## Task requirements:
When you reach the line containing "A dazzling vintage" in the entries below, begin reproducing lines exactly, and stop once the line containing "A bitch is sitting" is done.

## Information shown:

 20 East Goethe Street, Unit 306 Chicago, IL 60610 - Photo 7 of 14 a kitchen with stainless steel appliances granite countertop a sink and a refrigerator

==

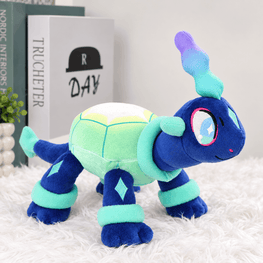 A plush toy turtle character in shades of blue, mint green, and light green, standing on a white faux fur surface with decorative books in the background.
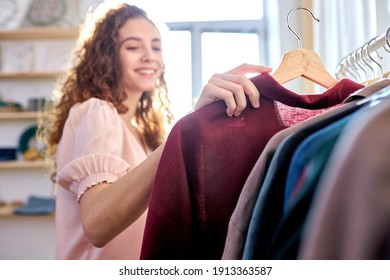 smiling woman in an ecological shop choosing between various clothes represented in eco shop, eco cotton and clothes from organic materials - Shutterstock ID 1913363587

--

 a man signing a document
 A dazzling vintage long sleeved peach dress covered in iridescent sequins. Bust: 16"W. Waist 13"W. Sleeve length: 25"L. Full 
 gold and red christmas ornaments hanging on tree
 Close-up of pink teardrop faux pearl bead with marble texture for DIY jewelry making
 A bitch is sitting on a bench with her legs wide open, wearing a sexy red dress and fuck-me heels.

## Answer to this task:
 A dazzling vintage long sleeved peach dress covered in iridescent sequins. Bust: 16"W. Waist 13"W. Sleeve length: 25"L. Full 
 gold and red christmas ornaments hanging on tree
 Close-up of pink teardrop faux pearl bead with marble texture for DIY jewelry making
 A bitch is sitting on a bench with her legs wide open, wearing a sexy red dress and fuck-me heels.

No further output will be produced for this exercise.